JAKARTA, BINGAR.ID – Menteri Pendidikan dan Kebudayaan, Nadiem Makarim mengatakan, pelaksanaan Pembelajaran Jarak Jauh (PJJ) di masa pandemi menyebabkan banyak siswa yang putus sekolah.
Hal itu diakibatkan banyak anak yang terpaksa membantu perekonomian keluarganya imbas pandemi Covid-19.
“Memang banyak sekali dampak negatif PJJ ini. Bukan hanya kita, tapi negara lain juga.

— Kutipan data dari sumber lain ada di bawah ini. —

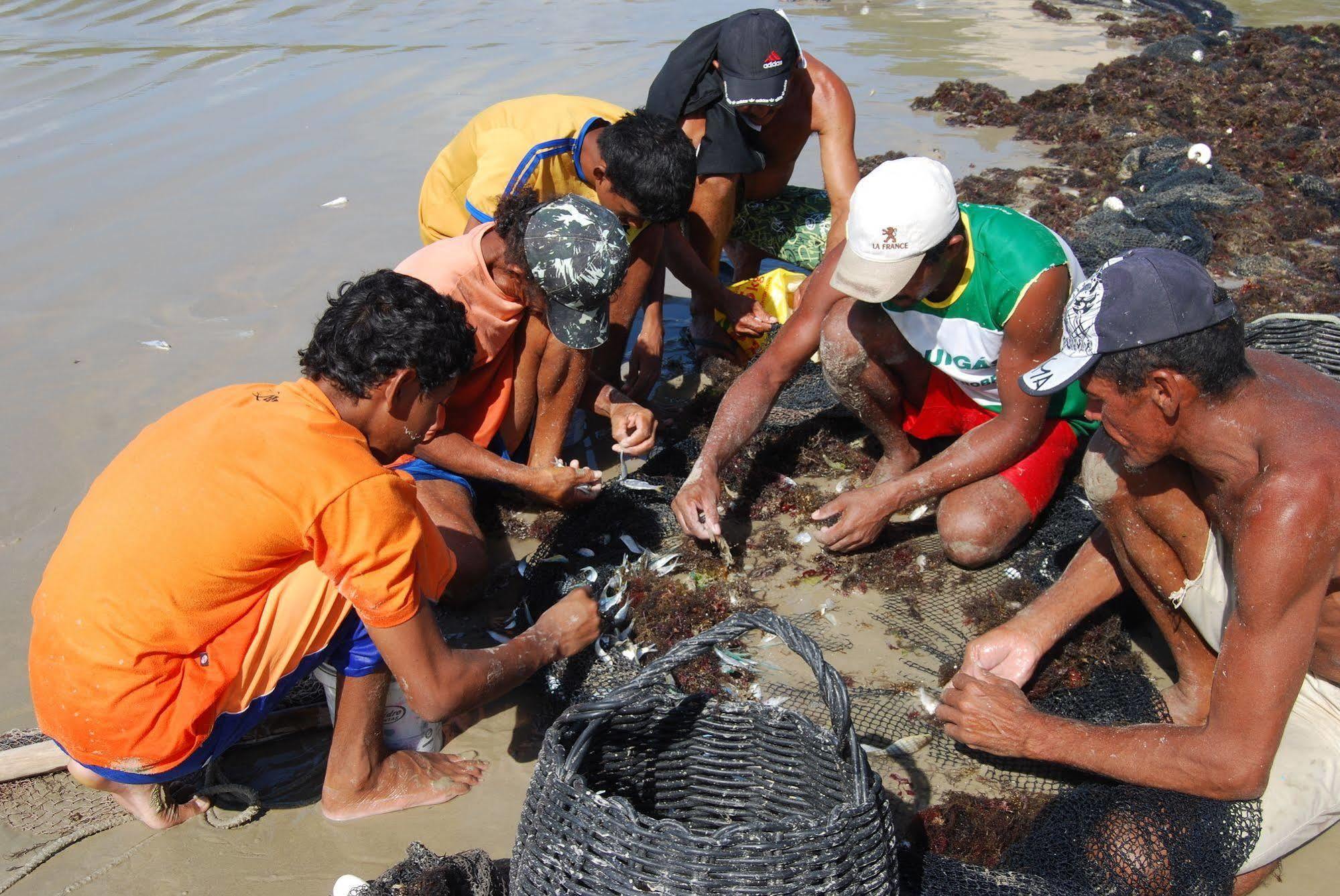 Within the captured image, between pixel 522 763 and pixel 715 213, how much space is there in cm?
319

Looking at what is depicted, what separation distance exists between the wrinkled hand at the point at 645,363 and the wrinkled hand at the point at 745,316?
0.37 metres

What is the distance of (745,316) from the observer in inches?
199

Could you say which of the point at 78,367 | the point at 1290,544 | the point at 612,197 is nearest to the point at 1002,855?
the point at 1290,544

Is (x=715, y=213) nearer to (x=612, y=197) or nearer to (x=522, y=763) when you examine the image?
(x=612, y=197)

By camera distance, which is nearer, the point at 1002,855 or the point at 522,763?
the point at 1002,855

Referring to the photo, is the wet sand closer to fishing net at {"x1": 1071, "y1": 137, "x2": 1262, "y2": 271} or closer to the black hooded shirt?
fishing net at {"x1": 1071, "y1": 137, "x2": 1262, "y2": 271}

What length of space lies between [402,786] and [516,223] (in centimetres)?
187

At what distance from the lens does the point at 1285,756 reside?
2580mm

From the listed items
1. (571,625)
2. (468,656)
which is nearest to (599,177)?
(571,625)

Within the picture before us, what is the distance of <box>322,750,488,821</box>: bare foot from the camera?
2801mm

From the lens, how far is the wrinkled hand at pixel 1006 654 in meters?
3.04

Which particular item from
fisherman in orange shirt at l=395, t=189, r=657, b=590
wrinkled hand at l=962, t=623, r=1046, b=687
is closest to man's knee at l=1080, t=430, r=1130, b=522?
wrinkled hand at l=962, t=623, r=1046, b=687

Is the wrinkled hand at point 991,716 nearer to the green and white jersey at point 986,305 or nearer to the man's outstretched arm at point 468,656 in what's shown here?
the man's outstretched arm at point 468,656

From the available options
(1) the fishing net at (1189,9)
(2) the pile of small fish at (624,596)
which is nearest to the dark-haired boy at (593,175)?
(2) the pile of small fish at (624,596)
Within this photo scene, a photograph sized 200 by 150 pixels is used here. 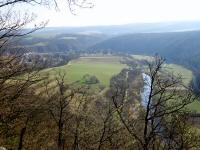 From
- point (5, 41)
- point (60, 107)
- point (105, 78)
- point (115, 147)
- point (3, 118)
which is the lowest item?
point (105, 78)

Semakin lama PJJ, dampaknya anak bisa putus sekolah, karena terpaksa membantu keuangan keluarga,” kata Nadiem dalam acara Rakornas Pembukaan Sekolah di Masa Pandemi Covid-19 yang diselenggarakan Komisi Perlindungan Anak Indonesia (KPAI) secara daring seperti yang dikutip dari RRI, Senin (30/11/2020).

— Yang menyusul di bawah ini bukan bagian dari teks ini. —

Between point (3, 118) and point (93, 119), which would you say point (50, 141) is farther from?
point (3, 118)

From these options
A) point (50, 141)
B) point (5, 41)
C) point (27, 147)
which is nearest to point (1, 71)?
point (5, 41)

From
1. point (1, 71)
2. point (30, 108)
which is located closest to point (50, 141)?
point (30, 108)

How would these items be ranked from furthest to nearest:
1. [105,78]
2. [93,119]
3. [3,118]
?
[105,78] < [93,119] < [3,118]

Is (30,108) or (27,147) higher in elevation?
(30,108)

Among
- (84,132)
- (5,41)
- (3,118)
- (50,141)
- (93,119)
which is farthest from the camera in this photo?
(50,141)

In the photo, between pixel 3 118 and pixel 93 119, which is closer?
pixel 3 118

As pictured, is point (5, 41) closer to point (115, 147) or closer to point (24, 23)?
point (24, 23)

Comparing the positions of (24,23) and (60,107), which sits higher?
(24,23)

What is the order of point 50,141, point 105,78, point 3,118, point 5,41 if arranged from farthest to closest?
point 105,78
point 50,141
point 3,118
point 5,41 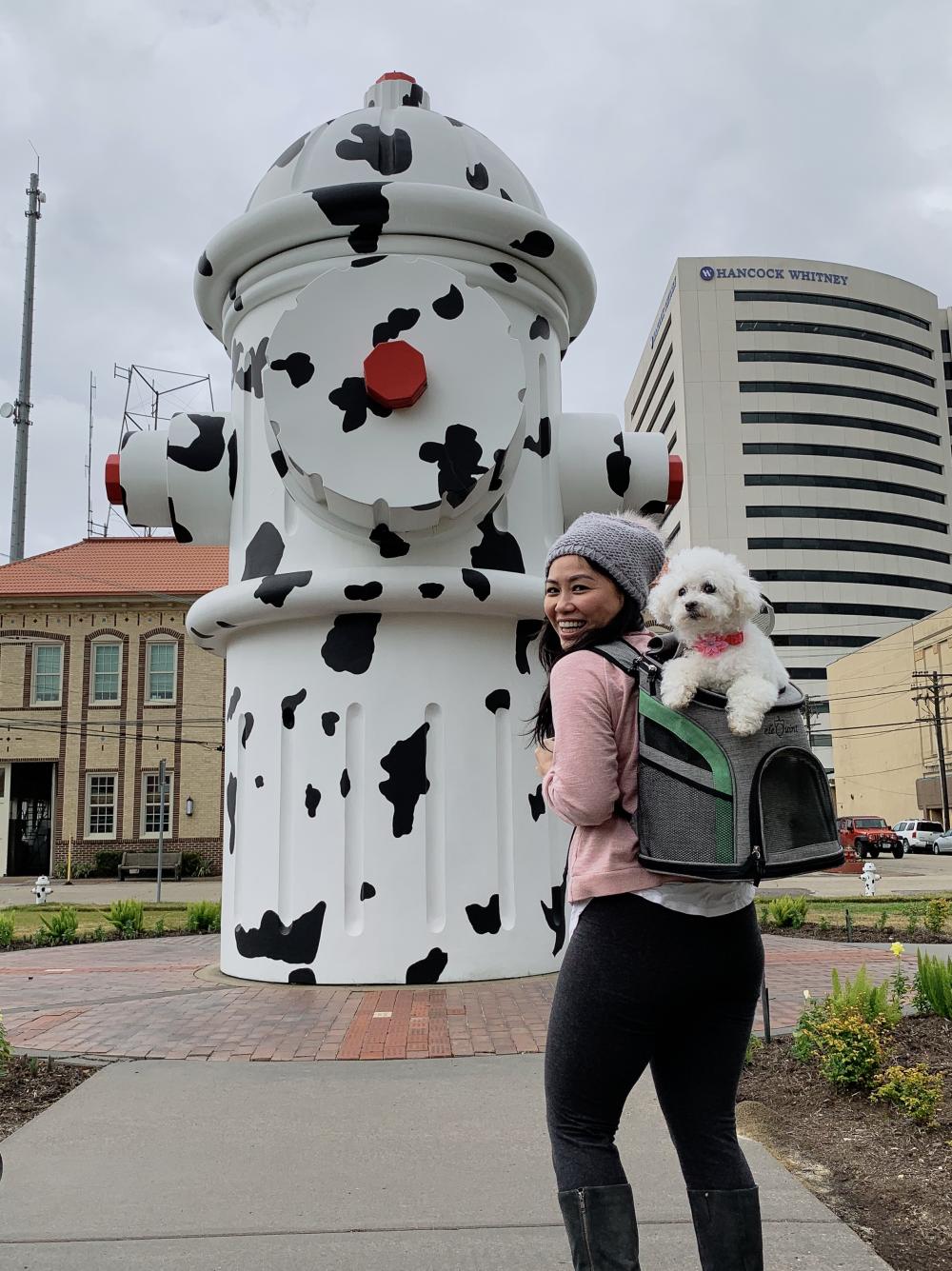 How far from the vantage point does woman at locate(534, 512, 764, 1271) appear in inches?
83.7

Baca juga: Kemendikbud Dilema Soal Pembelajaran Tatap Muka
Tidak hanya itu, menurut Nadiem, pembelajaran jarak jauh juga menghambat tumbuh kembang anak, baik dari kognitif maupun dari perkembangan karakter serta perkembangan psikososial serta menimbulkan kekerasan-kekerasan dalam rumah tangga.
“Banyak sekali anak mengalami kekerasan dari orangtua tanpa terdeteksi oleh guru,” ujar Nadiem.
Belajar dari persoalan itulah, Kementerian Pendidikan dan Kebudayaan (Kemendikbud) bersama kementerian terkait mendengarkan masukan dari berbagai pihak. melakukan evaluasi PJJ disatuan pendidikan.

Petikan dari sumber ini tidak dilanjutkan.